─── Data in this exercise ───
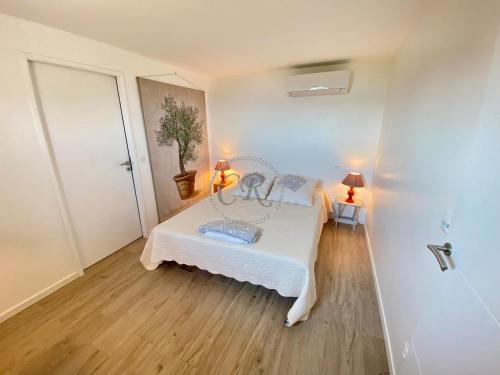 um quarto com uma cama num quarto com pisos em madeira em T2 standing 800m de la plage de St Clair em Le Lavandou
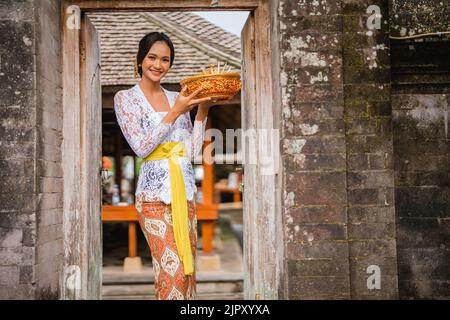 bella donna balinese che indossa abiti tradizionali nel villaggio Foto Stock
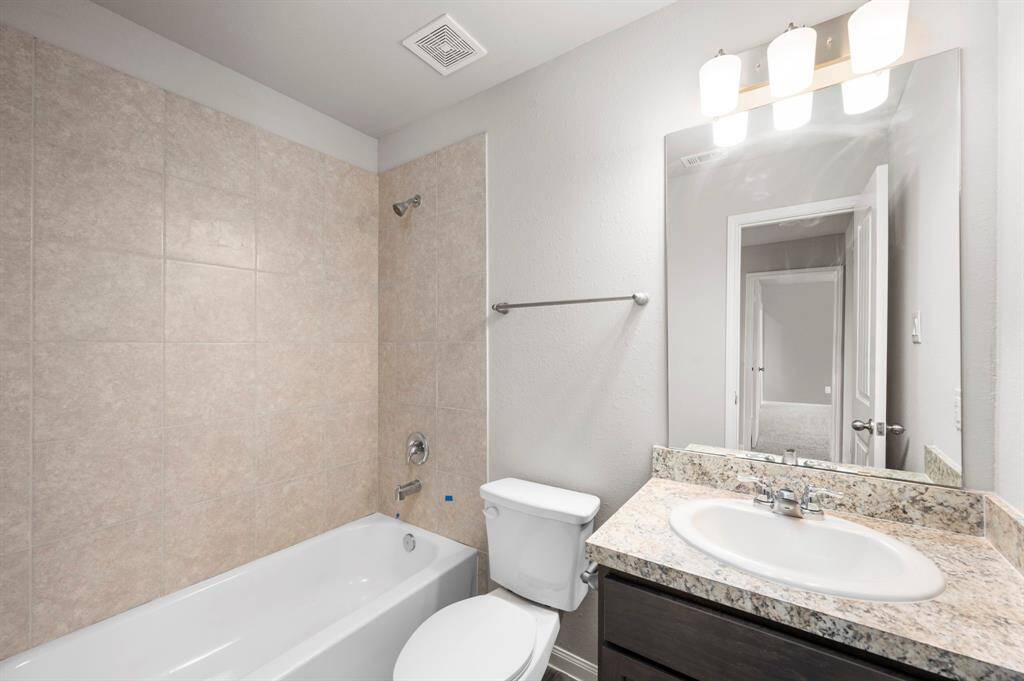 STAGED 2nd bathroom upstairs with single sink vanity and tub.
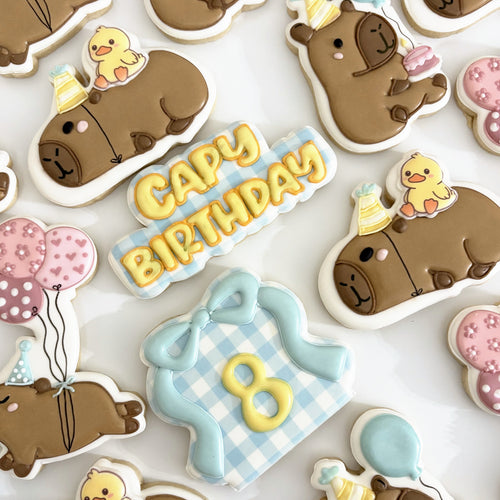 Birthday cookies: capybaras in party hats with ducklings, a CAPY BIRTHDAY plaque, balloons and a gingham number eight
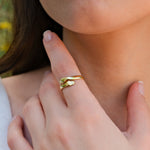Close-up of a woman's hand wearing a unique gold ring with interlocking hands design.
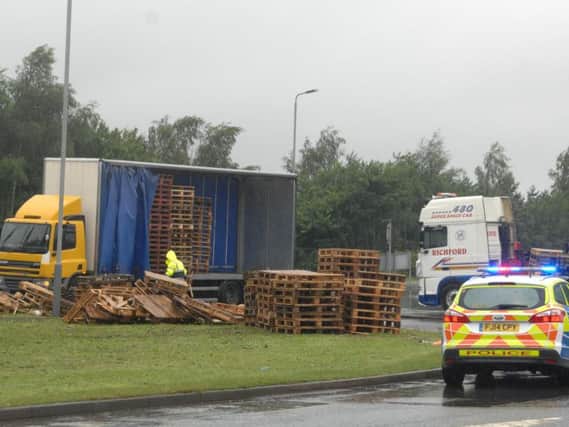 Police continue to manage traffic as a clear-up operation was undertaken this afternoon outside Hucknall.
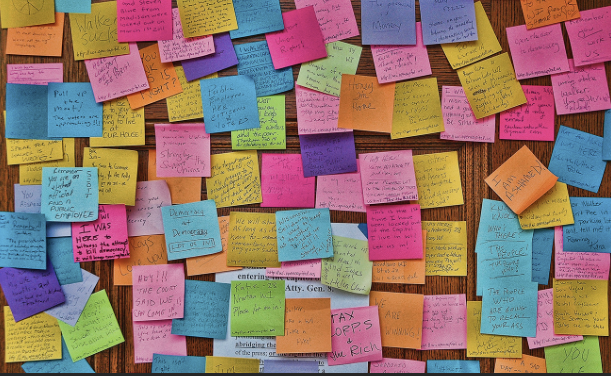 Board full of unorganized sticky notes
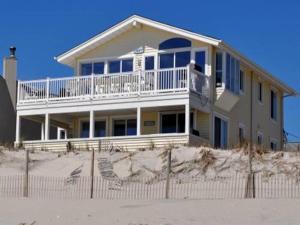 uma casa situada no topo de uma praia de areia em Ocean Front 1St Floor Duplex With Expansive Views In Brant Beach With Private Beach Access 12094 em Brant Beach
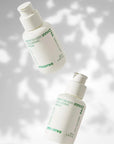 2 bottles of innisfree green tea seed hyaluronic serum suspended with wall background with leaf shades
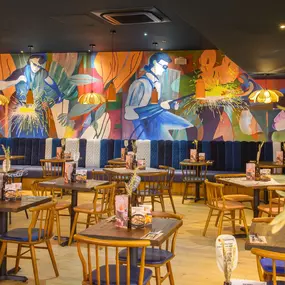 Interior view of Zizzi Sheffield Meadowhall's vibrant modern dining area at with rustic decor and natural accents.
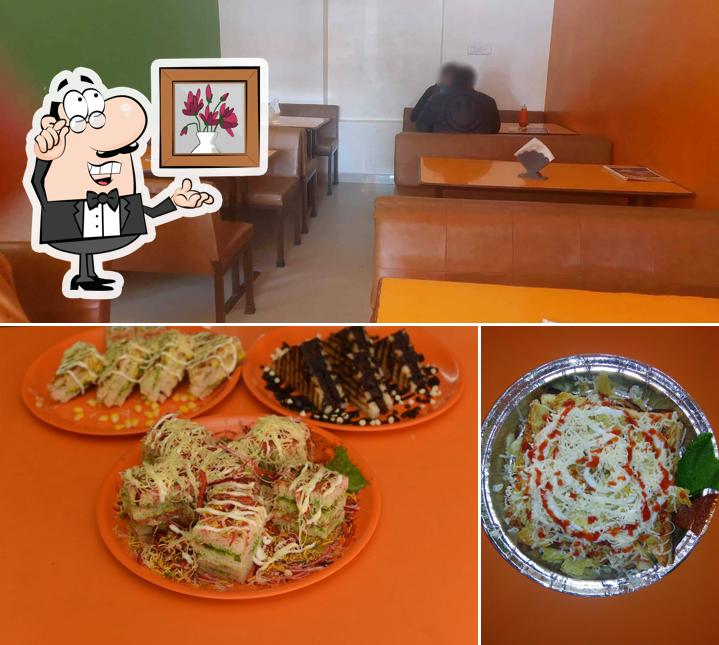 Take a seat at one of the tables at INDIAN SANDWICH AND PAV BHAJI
───
▶ Task prompt
Needed here is a verbatim copy of the data from the first line through the line with "Close-up of a", without pictures.

▶ The answer
 um quarto com uma cama num quarto com pisos em madeira em T2 standing 800m de la plage de St Clair em Le Lavandou
 bella donna balinese che indossa abiti tradizionali nel villaggio Foto Stock
 STAGED 2nd bathroom upstairs with single sink vanity and tub.
 Birthday cookies: capybaras in party hats with ducklings, a CAPY BIRTHDAY plaque, balloons and a gingham number eight
Close-up of a woman's hand wearing a unique gold ring with interlocking hands design.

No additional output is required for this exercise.